EXERCISE REQUIREMENTS:
A faithful, word-for-word transcription of all the data is what is needed.

GIVEN MATERIAL:

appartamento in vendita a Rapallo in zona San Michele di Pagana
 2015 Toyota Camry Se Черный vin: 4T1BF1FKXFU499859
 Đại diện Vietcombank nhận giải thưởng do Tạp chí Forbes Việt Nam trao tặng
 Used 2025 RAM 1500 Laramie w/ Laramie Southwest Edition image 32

PROBLEM SOLUTION:
appartamento in vendita a Rapallo in zona San Michele di Pagana
 2015 Toyota Camry Se Черный vin: 4T1BF1FKXFU499859
 Đại diện Vietcombank nhận giải thưởng do Tạp chí Forbes Việt Nam trao tặng
 Used 2025 RAM 1500 Laramie w/ Laramie Southwest Edition image 32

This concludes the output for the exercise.